In 1965, a decorated war hero, he was dubbed Knight Commander of the Militant Order of Saint Bridget of Sweden.

In 1976, the Academy of Science Fiction, Fantasy and Horror Films awarded Ib Melchior its Golden Scroll Award of Merit for Outstanding Achievement.

Biographies include Ib Melchior: Man of Imagination by Robert Skotak, as well as Melchior's own autobiography Case by Case: A U.S. Army Counterintelligence Agent in World War II.

Melchior died on March 14, 2015, at the age of 97, five months after the death of his wife of over 50 years, architect Cleo Baldon.

Fiction and non-fiction

Melchior's novels include Code Name: Grand Guignol, Eva, The Haigerloch Project, The Marcus Device, Order of Battle: Hitler's Werewolves, Sleeper Agent, The Tombstone Cipher and The Watchdogs of Abaddon.

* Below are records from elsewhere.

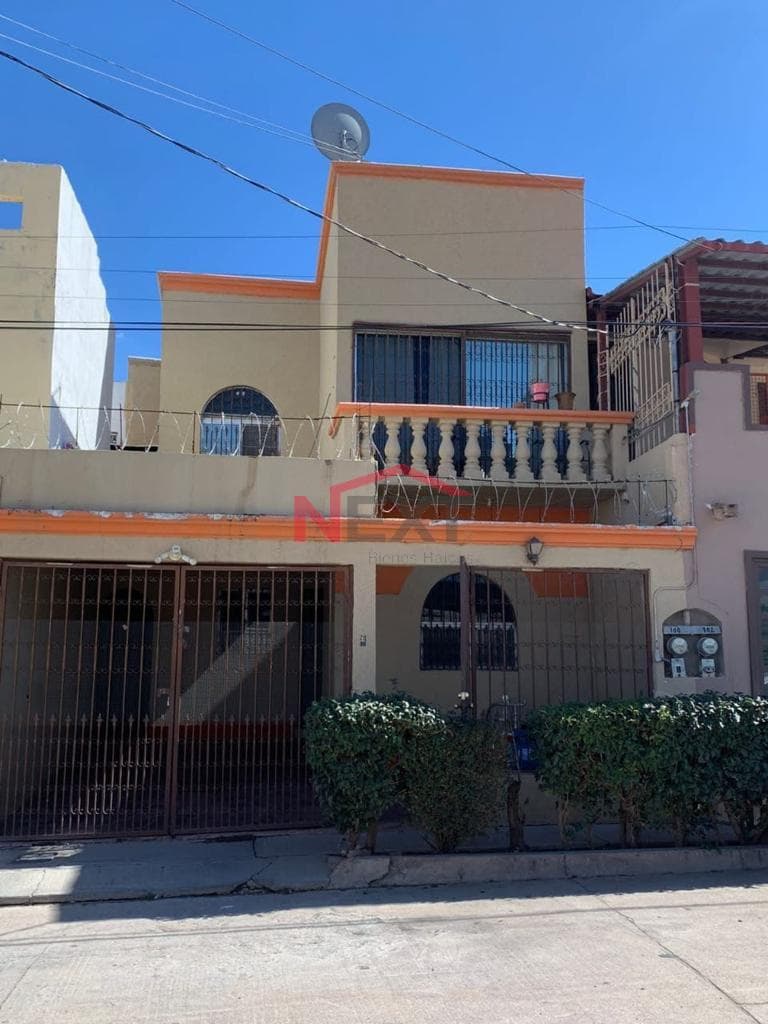 HOUSE FOR SALE IN REAL DEL ARCO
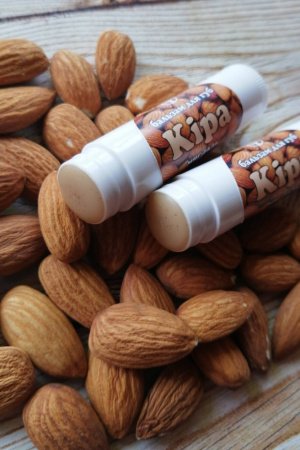 Робота Бальзам для губ "Кіра" з мигдалем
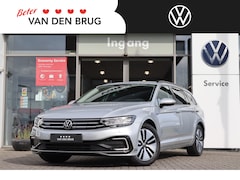 Volkswagen Passat Variant - 1.4 TSI 218 pk DSG PHEV GTE Business | Navigatie | Trekhaak | Standkachel | Climatronic |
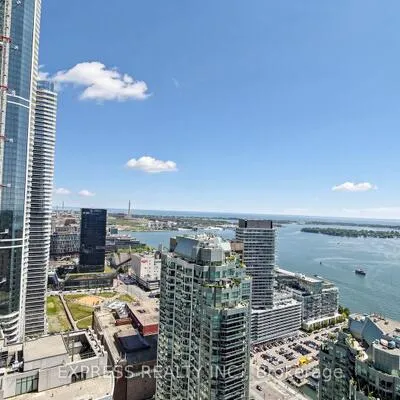 33,&nbsp;Bay, Waterfront Communities C1, Toronto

His non-fiction includes the books Quest: Searching for Germany's Nazi Past (with co-author Frank Brandenburg) and Lauritz Melchior: The Golden Years of Bayreuth, the latter a biography of his father, the opera singer and movie star Lauritz Melchior. In 1993 Melchior published an account of his career as a staff sergeant with the US Counterintelligence Corps (U.S. Army) during World War II, Case by Case: A U.S. Army Counterintelligence Agent in World War II. With his wife, Cleo Baldon, Melchior wrote the non-fiction books Reflections on the Pool: California Designs for Swimming and Steps & Stairways, both influenced by Baldon's work as an architect.

Melchior also wrote Hour of Vengeance, a play based on the Viking story of Amled that also inspired William Shakespeare's play Hamlet. In 1982, it was awarded the Hamlet Award for best playwriting by the Shakespeare Society of America.

Films and television

As a filmmaker, Melchior wrote and directed The Angry Red Planet (1959) and The Time Travelers (1964).  His most high-profile credit was as co-screenwriter (along with John C. Higgins) of Byron Haskin's critically acclaimed Robinson Crusoe on Mars (1964).  He cowrote the screenplays for two U.S.–Danish coproductions, Reptilicus (1961) and Journey to the Seventh Planet (1962), and provided the English language script for Mario Bava's Planet of the Vampires (1965).

For television, he wrote the episode "The Premonition" for the second season of the original The Outer Limits series. The episode was broadcast in 1965.

Melchior's 1956 short story "The Racer" was adapted as Paul Bartel's cult film favorite, Death Race 2000 (1975), starring David Carradine and Sylvester Stallone and produced by Roger Corman. It was later remade as Death Race (2008), starring Jason Statham and Joan Allen, directed by Paul W. S. Anderson and produced by Tom Cruise.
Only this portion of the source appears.